The incredible implications of Rupert Sheldrake’s research on frequency and biological form!

The incredible implications of Rupert Sheldrake’s research on frequency and biological form!

Rupert Sheldrake has pushed the boundaries of scientific thinking for decades. His controversial theories on morphic fields and morphic resonance challenge traditional perspectives on biology, evolution, and consciousness. While provoking scepticism and debate, Sheldrake’s work also opens new doors of inquiry into the role of patterns, fields, and frequency in shaping living systems.

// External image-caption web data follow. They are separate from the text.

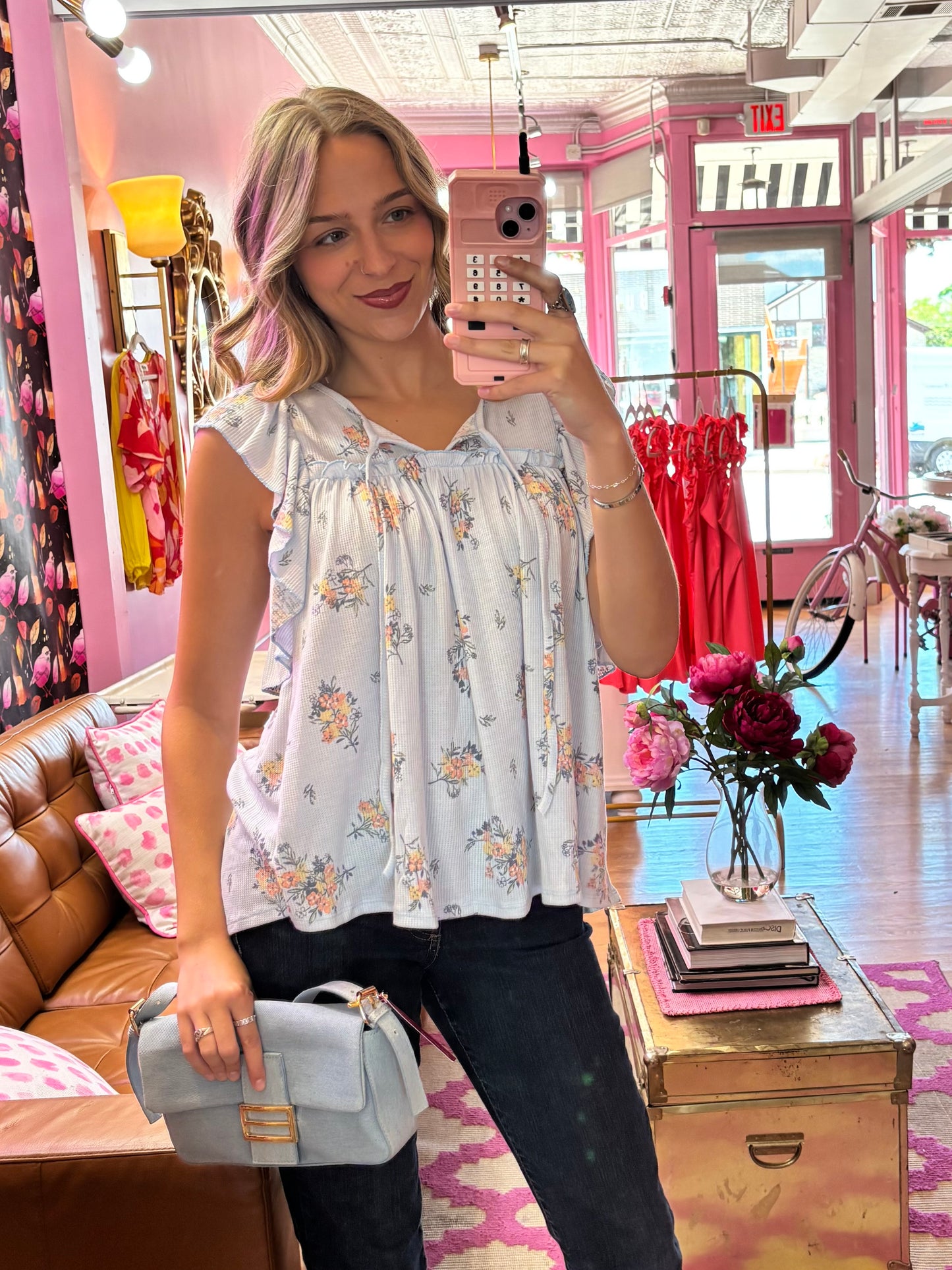 Baby Blue Floral Top (LG)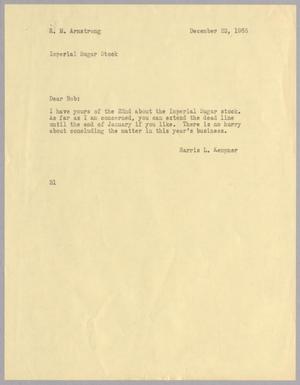 [Letter from Harris L. Kempner to R. M. Armstrong, December 23, 1965]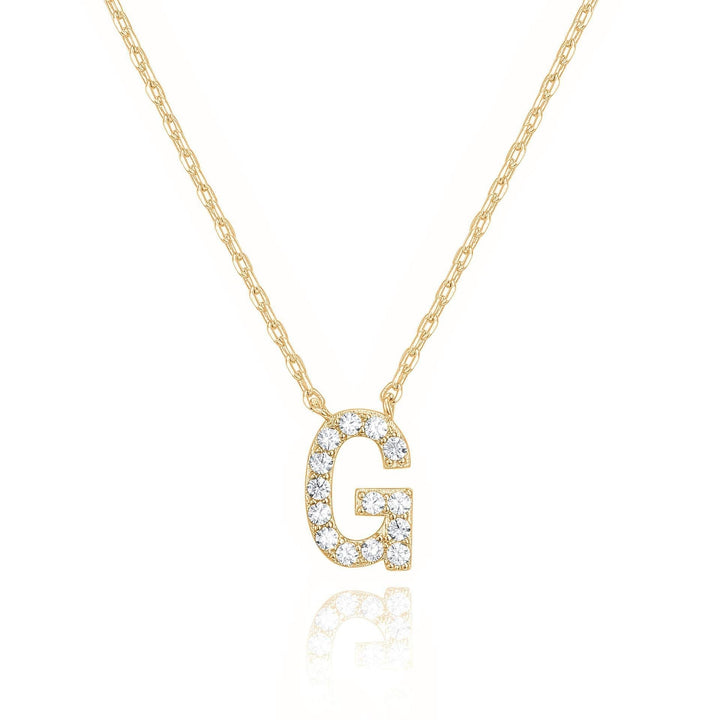 14k Yellow Gold Plated Initial G Pendant Necklace Created Diamond Jewelry Image 1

Sheldrake trained as a biochemist and cell biologist, obtaining his PhD from Cambridge University. Dissatisfied with the limitations of a mechanistic worldview, he began developing alternative hypotheses about formative causation and morphogenetic fields. His 1981 book A New Science of Life outlined his theory of morphic resonance, attracting both intrigue and criticism across scientific circles.

Four decades later, Sheldrake continues speculating and experimenting. His research probes how self-organizing systems acquire form, order, and collective memories through morphic fields. If valid, his theories hold profound implications for understanding habits, inheritance, evolution, and the emergence of multicellular complexity.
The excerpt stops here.